Researchers, hindered by a lack of standard gene and protein-naming conventions, endure long, sometimes fruitless, literature searches. A system that is able to automatically assign gene names to their LocusLink ID (LLID) in previously unseen MEDLINE abstracts is described. The system is based on supervised learning and builds a model for each LLID. The training sets for all LLIDs are extracted automatically from MEDLINE references in the LocusLink and SwissProt databases. A validation was done of the performance for all 20,546 human genes with LLIDs. Of these, 7344 produced good quality models (F-measure >0.7, nearly 60% of which were >0.9) and 13,202 did not, mainly due to insufficient numbers of known document references. A hand validation of MEDLINE documents for a set of 66 genes agreed well with the system’s internal accuracy assessment. It is concluded that it is possible to achieve high quality gene disambiguation using scaleable automated techniques.

Introduction

Biological researchers are constantly hindered in their work by a lack of standard naming conventions for genes and proteins. Near-frivolous choices of gene synonyms result in gene names like “IT” “midget”, or “ER”. These inherently ambiguous names cannot be effectively filtered by current search tools, nearly all of which are based on keyword queries. As a result, researchers must endure long, and sometimes fruitless, searches for literature about genes or proteins. Automated disambiguation of gene and protein names could significantly help improve access to biological literature and increase the efficiency of text analytics in the biomedical domain.

We present a system, called SureGene, for performing automated term disambiguation that can easily scale to tens of thousands of unique gene and protein names. SureGene uses a combination of machine learning and natural language processing technologies to identify abstracts relevant to specific genes and return these results as a ranked list.

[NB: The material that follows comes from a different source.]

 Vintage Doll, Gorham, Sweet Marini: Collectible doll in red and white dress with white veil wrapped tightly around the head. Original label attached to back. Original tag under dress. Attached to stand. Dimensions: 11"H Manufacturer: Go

Over 20,000 human genes have been identified in LocusLink and over 100,000 different names have been used to refer to them. A gene disambiguation system that is truly useful to a wide range of researchers must address some key, heretofore unsolved, challenges:

  • It must scale to cover tens of thousands of genes and proteins per organism;
  • It must be able to automatically generate training data with minimal human intervention;
  • It must be able to make use of quantities of training data ranging from a few paragraphs to tens of thousands of paragraphs;
  • It must be able to make use of low-quality training data that hasn’t been annotated or enhanced with meta-data; and
  • It mustn’t rely on a comprehensive list of all possible gene and protein synonyms, since creating such a list is impractical.

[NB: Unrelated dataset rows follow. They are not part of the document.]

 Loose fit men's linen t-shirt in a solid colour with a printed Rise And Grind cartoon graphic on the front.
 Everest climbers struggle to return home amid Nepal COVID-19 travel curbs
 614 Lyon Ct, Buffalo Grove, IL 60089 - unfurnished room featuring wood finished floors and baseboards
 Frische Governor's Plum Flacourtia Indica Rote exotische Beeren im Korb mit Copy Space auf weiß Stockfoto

SureGene addresses these gaps using a supervised learning system. This article presents test results that show SureGene is capable of accurately distinguishing between highly ambiguous gene terms, as well as between synonymous gene and non-gene terms.

Previous Work

Disambiguation tasks fall into two basic categories: determining if a term refers to a gene or gene product (does “PI” refer to “glutathione transferase” or “Permeability Index”); and identifying the true meaning of a synonymous gene name or abbreviation (does “PI” refer to “glutathione transferase” or “alpha-1-antitrypsin”). Both of these problems often elude keyword searches.

Data collection

Individual genes included in SureGene are defined by the LocusLink (LL)12,13 human gene set. Gene names, symbols and synonyms were collected from LL and SwissProt (SP)14 databases. The system is designed to query and recognize gene or gene product context in MEDLINE abstracts.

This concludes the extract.